As I’m not a banking guy, here are a few things I particularly do not know much about and would materially affect the ability of OBR to reduce bailout risk:
- The proportion of secured versus unsecured bank liabilities. If there isn’t much that can be burned through before hitting depositor assets, then the haircut landing on depositors would be greater and so too would be the political pressure for a bailout.
- How easy it would be for banks to shift away from unsecured liabilities, knowing that risks put on depositors make bailouts more likely.
- Bank ownership structures. The NZ banks are owned by big Oz banks that have an implicit Oz government guarantee that’s actually worked into their Fitch credit ratings (as best I understand things). Suppose something bad happens and one of the Oz banks and its NZ subsidiary both are going down. Do we know what assets are really with the NZ subsidiary and which are with the Oz parent? Will there be incentive to restructure the equity profile depending on which side of the ditch is looking stronger? Can they tunnel equity back to the Oz parent in the NZ subsidiary is looking dodgy and so leave less to burn through in OBR? RBNZ runs some strong prudential regulation; I’m sure they’re on top of this stuff. I just don’t know anything about it.

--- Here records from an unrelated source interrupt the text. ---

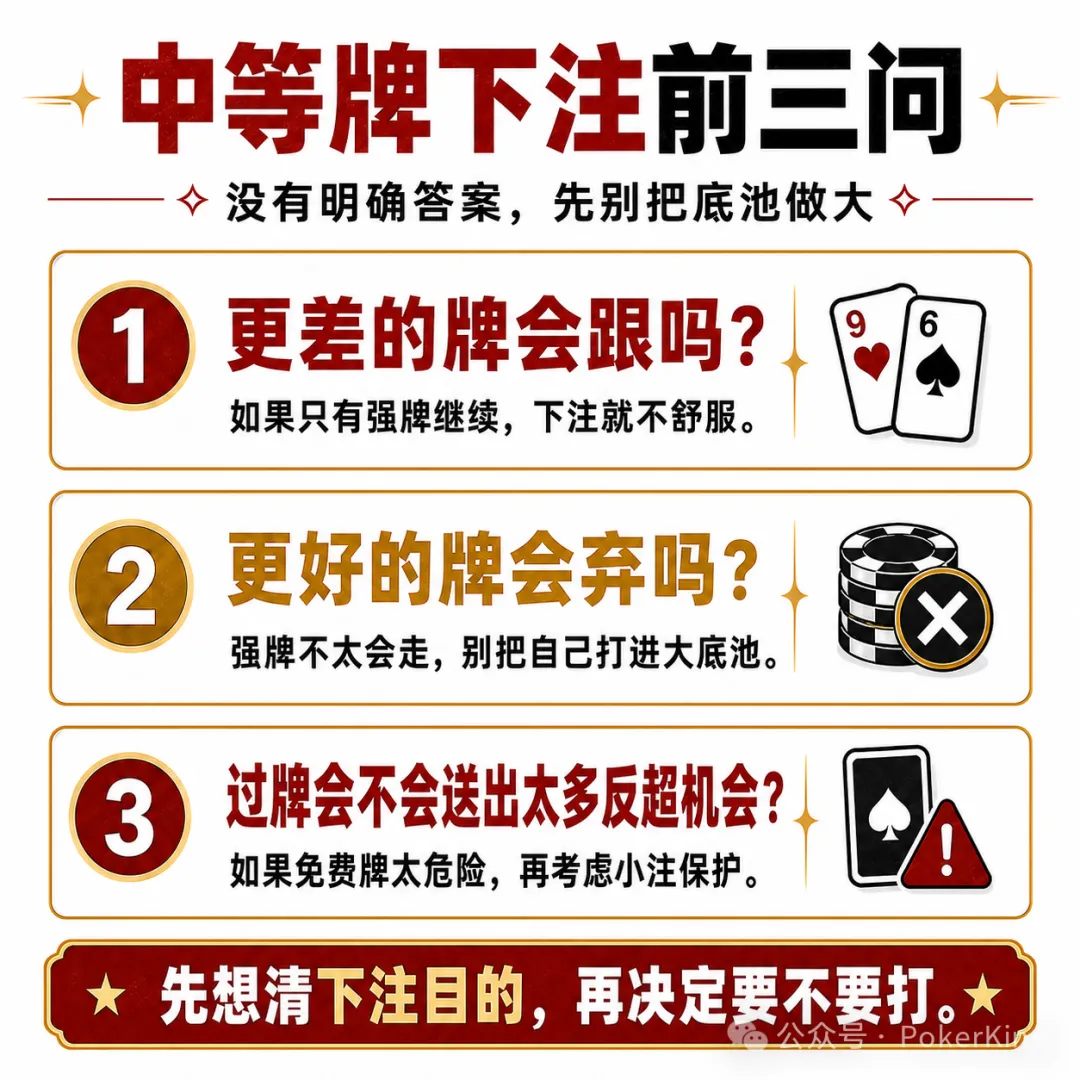 【EV扑克】中等牌力的困境：不是每手对子都值得下注，先问自己三个问题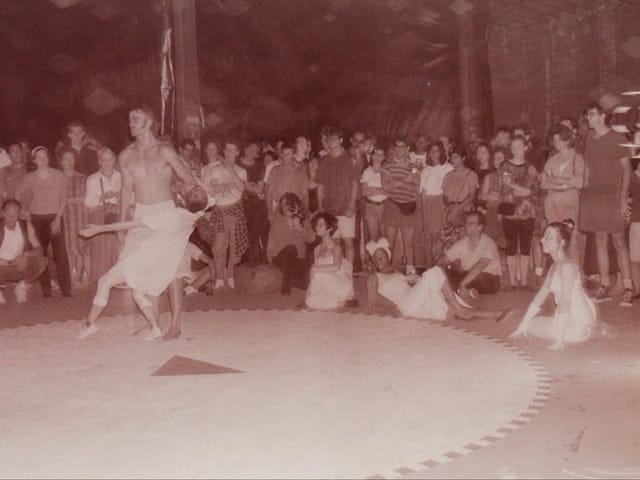 A picture from Flytrap, with Ebon Fisher's "Human Suction/Reflection System (Endless Tissue)" circular diagram on the floor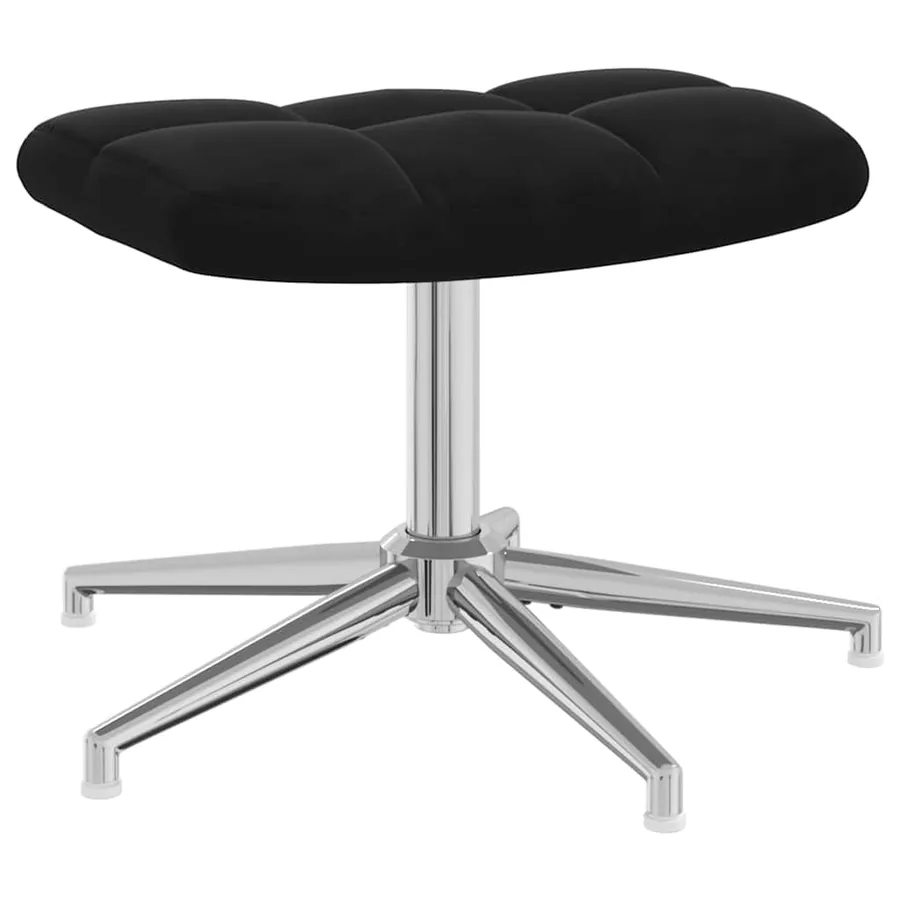 Chaise de relaxation avec tabouret Noir Velours - 9
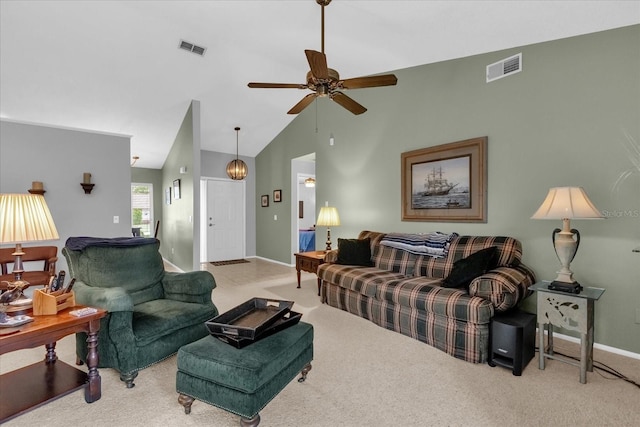 2344 Whispering Maple Dr, Orlando, FL 32837 - carpeted living area with baseboards, a ceiling fan, and high vaulted ceiling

But there’s always the remote possibility that a bank does get into trouble, at some point. If that happens there are no simple solutions. It will be messy, people will lose money and how it is dealt with will depend on circumstances at the time.OBR is a tool that gives government an additional option to taxpayer bailout or liquidation. It is not the only option that will be available on the day. Its mere existence provides important incentives for bank shareholders and management to minimise the risk of failure.New Zealand does not currently have deposit insurance, for reasons that are more to do with moral hazard and the sheer difficulties of defining boundaries and pricing than consumer protection. We believe it is better to keep the risk of failure very low, including through a strong regulatory framework, than to build structures that can distort incentives and behaviour.If, however, deposit insurance were to be introduced, it could easily be accommodated within our toolkit of OBR and other crisis measures. It is not a case of choosing between one or the other – they have different objectives and can work alongside one another if need be.
We have to distinguish between best-case deposit insurance and achievable deposit insurance. How well you think the government can price the bank’s underlying riskiness and how well the political system can ensure fair actuarial rates rather than implicit subsidisation of riskier banks will matter in your evaluation of deposit insurance’s desirability. But note too that the world in which the government is really good at assessing bank’s risks is also the world in which prudential regulation likely works well. I lean towards staying out of deposit insurance, but I’m not hugely confident in my point estimate here – as I noted earlier, I’m not a banking guy and really don’t have enough information to be very confident.
Update: I failed in copying the second bit of Fiennes’s speech the first go-round. My computer was trying very hard to crash while I was posting.